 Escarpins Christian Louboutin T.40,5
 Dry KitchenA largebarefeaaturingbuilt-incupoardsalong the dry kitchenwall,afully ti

...

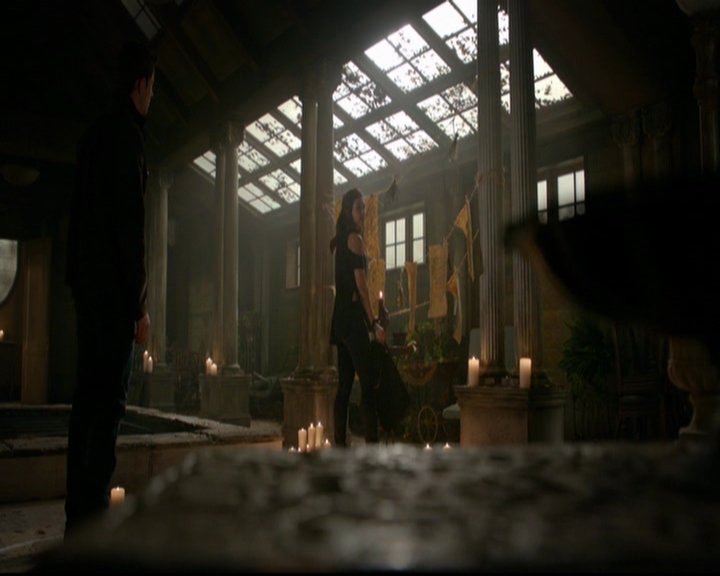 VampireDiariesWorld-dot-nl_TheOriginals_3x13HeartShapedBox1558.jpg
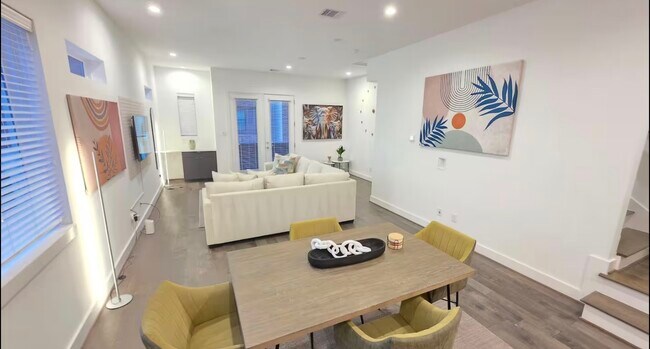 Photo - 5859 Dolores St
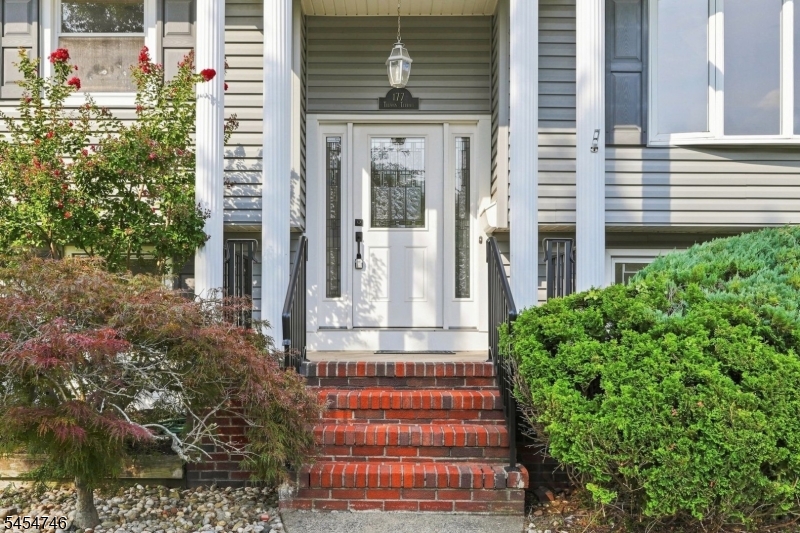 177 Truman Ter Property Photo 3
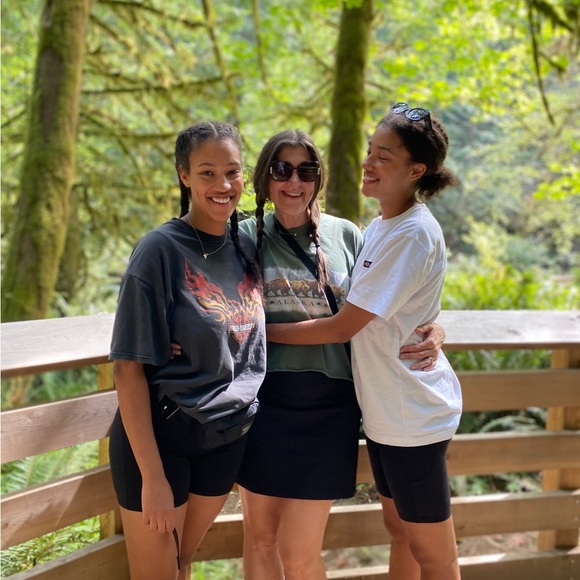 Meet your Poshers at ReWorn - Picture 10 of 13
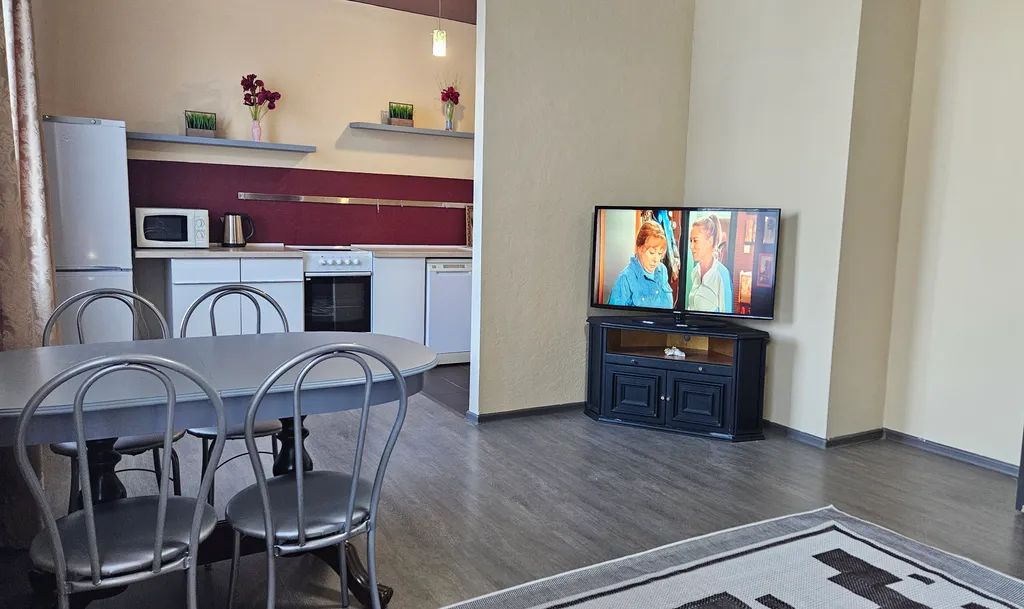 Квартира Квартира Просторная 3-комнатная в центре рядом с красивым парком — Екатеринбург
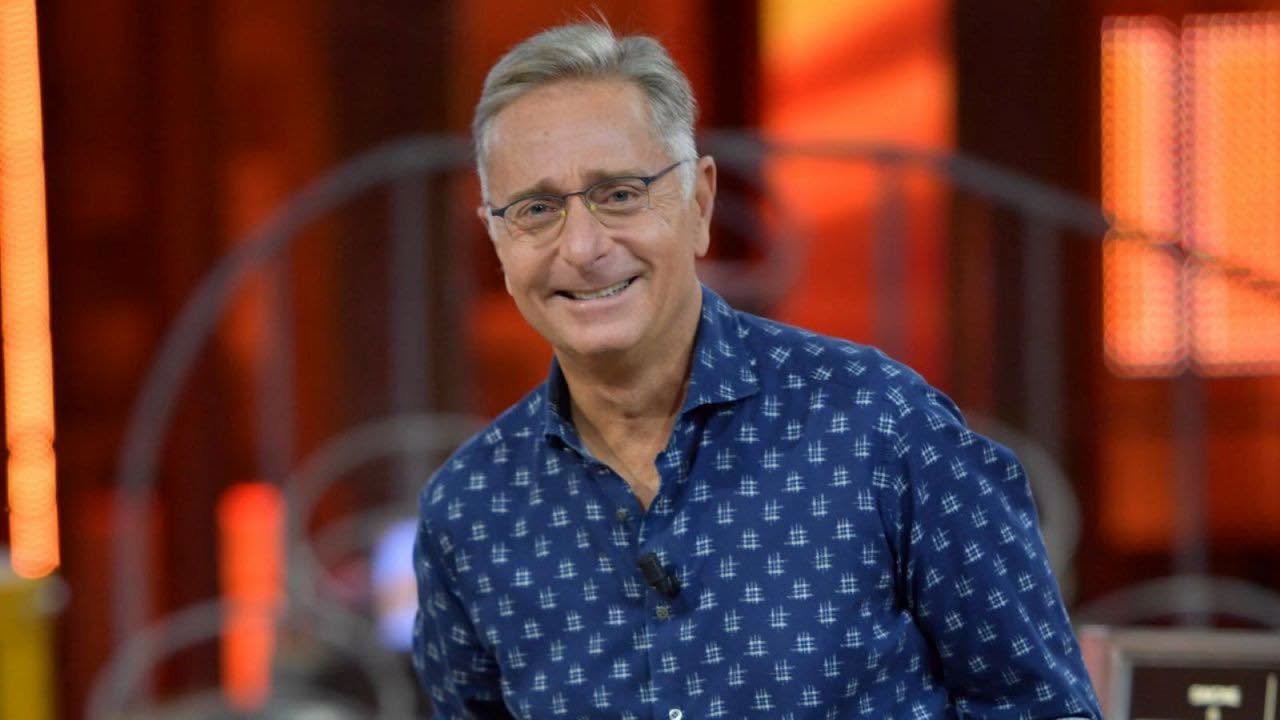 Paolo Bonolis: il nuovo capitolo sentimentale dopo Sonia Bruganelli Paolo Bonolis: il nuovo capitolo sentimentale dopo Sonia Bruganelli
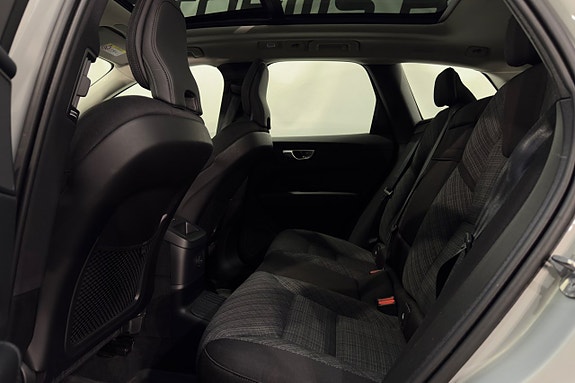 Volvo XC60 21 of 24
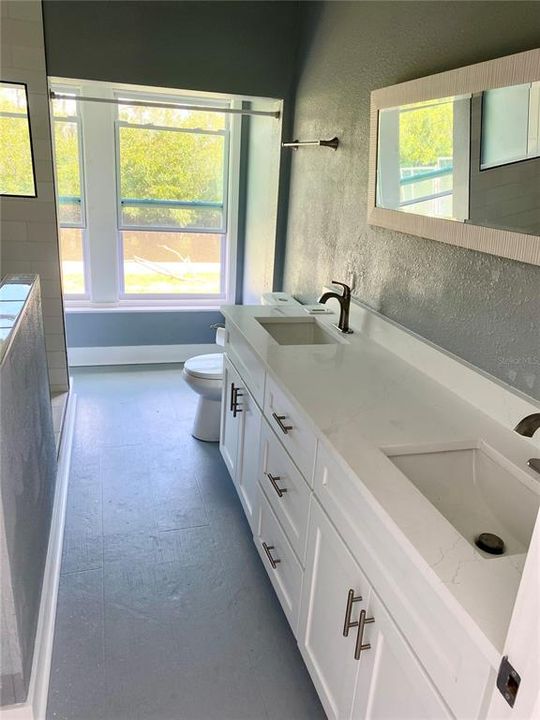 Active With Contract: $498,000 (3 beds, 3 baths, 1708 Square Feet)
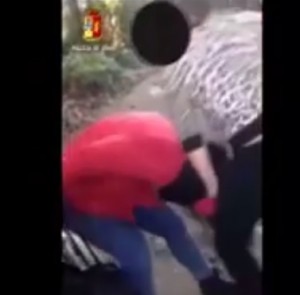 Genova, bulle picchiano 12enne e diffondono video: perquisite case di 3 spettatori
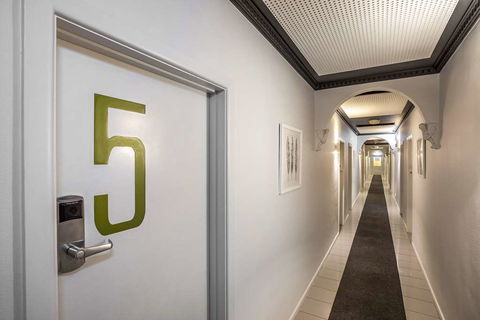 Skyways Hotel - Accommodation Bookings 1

# WHAT TO DO:
Copy the lines above exactly, starting with the line that contains "Volvo XC60 21 of 24" and ending with the line that contains "Skyways Hotel - Accommodation Bookings 1", and leave out any pictures.

# WRITTEN SOLUTION:
 Volvo XC60 21 of 24
 Active With Contract: $498,000 (3 beds, 3 baths, 1708 Square Feet)
 Genova, bulle picchiano 12enne e diffondono video: perquisite case di 3 spettatori
 Skyways Hotel - Accommodation Bookings 1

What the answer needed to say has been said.